By Thet-Htar Thet
I’m only able to organize remotely at this moment. And staring and coordinating through the screen and facebook for so long, it would be very easy for me to forget the human side of all of this. But there is something tenderly human about the ways in which people are organizing, finding, and holding on to community in the Twin Cities under siege, the cities at war, the cities in a pandemic.
We had a total loss of humanity this week–George Floyd lost his life, and not one, but two cities are crushed under the weight of its grief. But the narrative of everlasting grief will not be the same. We have resources that our forebears could only imagine–an online community with thousands of silent watchers and observers keeping vigil, commentators who can quickly be dispatched to send supplies and transport protesters to safety, organizers whose voice and thoughts can be amplified.

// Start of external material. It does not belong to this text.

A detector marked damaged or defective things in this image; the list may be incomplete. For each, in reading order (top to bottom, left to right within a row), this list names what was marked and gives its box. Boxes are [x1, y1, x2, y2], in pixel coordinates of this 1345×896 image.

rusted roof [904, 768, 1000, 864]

And it was during one of those human moments that I realized the momentum that could be accomplished–at no point did anyone in this organizing space question why we were doing what we were doing. Why we were sending medical supplies to drop off stations. Why we were keeping watch and updating. Why we needed people on the ground as transport and shields. There was no question why it had to be done. And there shouldn’t be a question of why we are on this path to justice for George.

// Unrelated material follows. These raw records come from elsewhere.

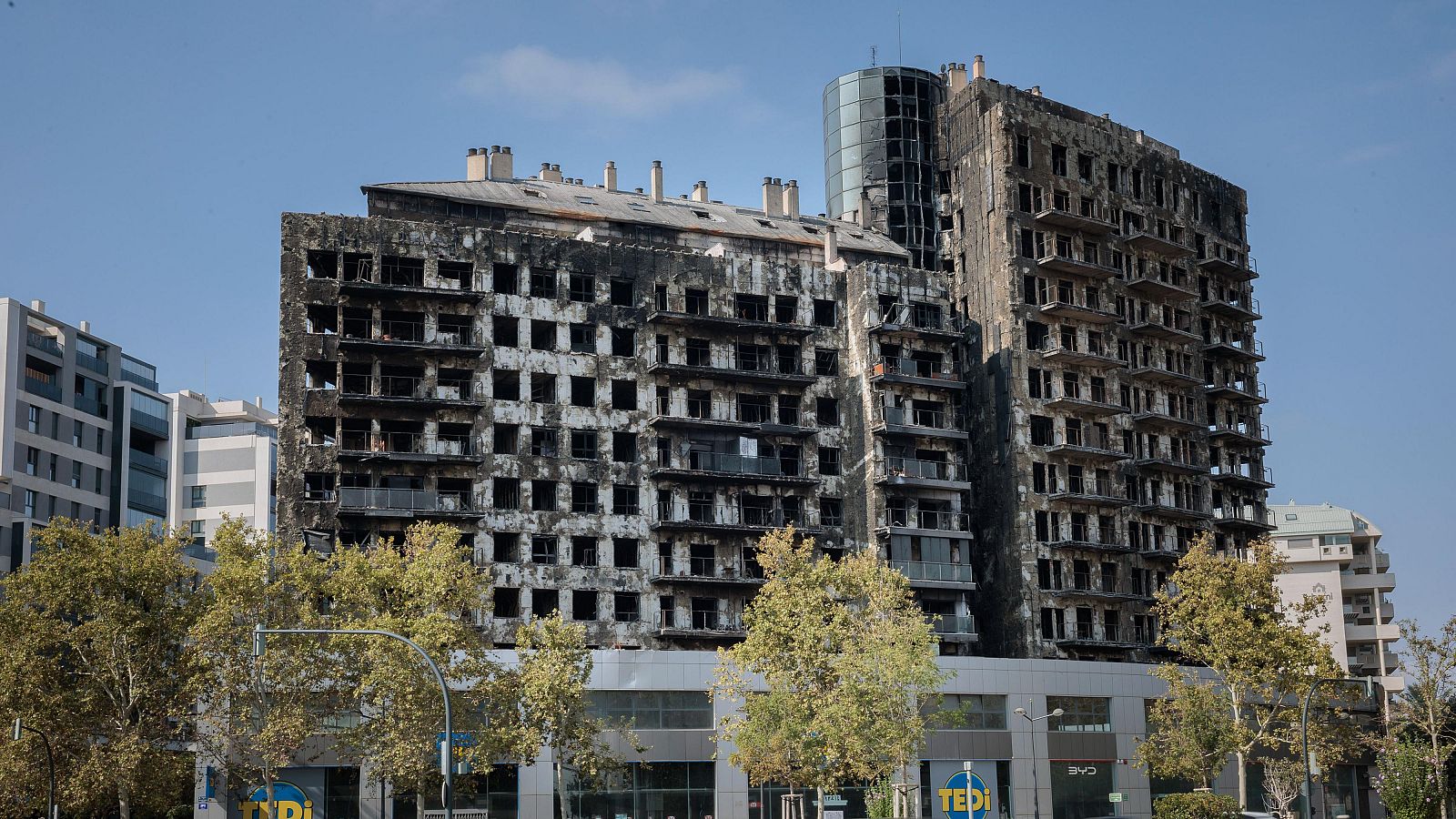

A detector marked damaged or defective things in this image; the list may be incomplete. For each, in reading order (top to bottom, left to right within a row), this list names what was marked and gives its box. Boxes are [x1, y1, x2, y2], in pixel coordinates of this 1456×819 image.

burned balcony [1026, 200, 1121, 235]
burned balcony [1128, 228, 1194, 258]
burned balcony [340, 257, 484, 300]
burned balcony [1128, 262, 1194, 300]
burned balcony [1201, 246, 1259, 282]
burned balcony [335, 318, 484, 349]
burned balcony [866, 300, 968, 339]
burned balcony [1034, 337, 1128, 369]
burned balcony [1201, 337, 1267, 362]
burned balcony [866, 355, 968, 389]
burned balcony [339, 375, 488, 406]
charred facade [277, 157, 976, 648]
burned balcony [1201, 377, 1267, 404]
burned balcony [337, 431, 484, 464]
burned balcony [877, 402, 968, 439]
burned balcony [1208, 422, 1274, 448]
burned balcony [335, 488, 488, 517]
burned balcony [652, 448, 819, 488]
burned balcony [655, 502, 826, 535]
burned balcony [877, 510, 968, 542]
burned balcony [870, 455, 976, 488]
burned balcony [1041, 473, 1128, 506]
burned balcony [1208, 464, 1274, 488]
burned balcony [888, 557, 976, 590]
burned balcony [932, 612, 976, 644]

Division, distraction and diversion will continue to be tactics used against us, but I have hope that we will not let that dissuade us. Because our communities–our Black, our indigenous, our people of color communities–understand more than most the idea of putting others before ourselves. Community is part of our bloodline, our legacy, our power. For today and the rest of our days, this community needs to uplift Black lives and honor them. We need to do it. We can do it. Of that I have no doubt.
Thet-Htar Thet (she/her/hers) is a writer, organizer and consultant from Yangon, Myanmar. She carved a home in the Twin Cities where she engaged in the writing, education and activist communities.